# Interesting article showing the state of the US economy



## KIWIKARLOS (19 December 2006)

http://biz.yahoo.com/ap/061028/america_the_bankrupt.html

Check this out, must say i knew that the US had some problems but this is a real eye opener. Australia might have to look else where in future for a big brother to look out for us


----------



## ducati916 (19 December 2006)

And while on the subject of the US, the markets have had a pretty good move upwards from the May correction, and seem based on sectors, getting a little toppy.....................correction coming?


----------



## theasxgorilla (22 December 2006)

Duc,

How do you mean, "toppy"?


----------



## YChromozome (22 December 2006)

I assume he means Top Heavy.


----------



## ducati916 (22 December 2006)

Simply that some sectors have had a pretty good bounce since August, and some have had a bit of a decline, thus, a bit of a reversal on the cards, the sectors reversing their current trends.

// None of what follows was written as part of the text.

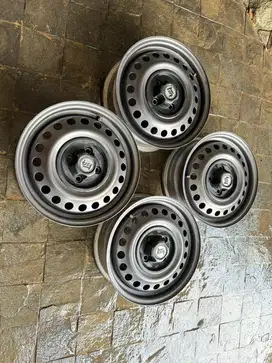 Velg Kaleng R15 4x100 L 5,5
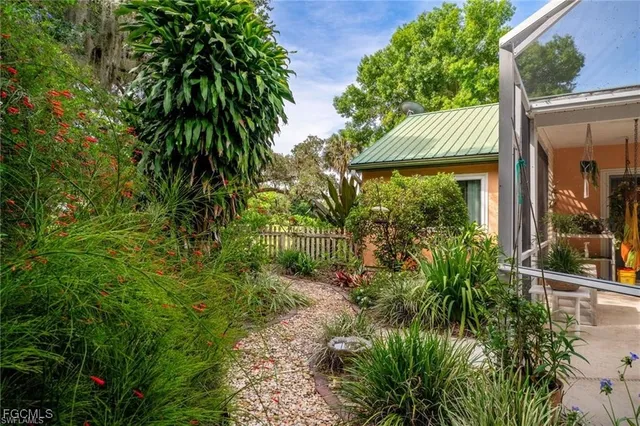 $354,900 | 4559 Springview Circle, LaBelle, FL 33935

As the declining sectors are responsible for the greater market capitalization as a whole, we might still see the market as a whole move higher.

jog on
d998
http://ducati998.wordpress.com/


----------



## theasxgorilla (22 December 2006)

The S&P500 chart since the low in August is one of the most uncanny looking linear trends I've seen.  It's as though funds are being trickle feed into the market at a predictable rate.  It looks artificial is what I'm trying to say.


----------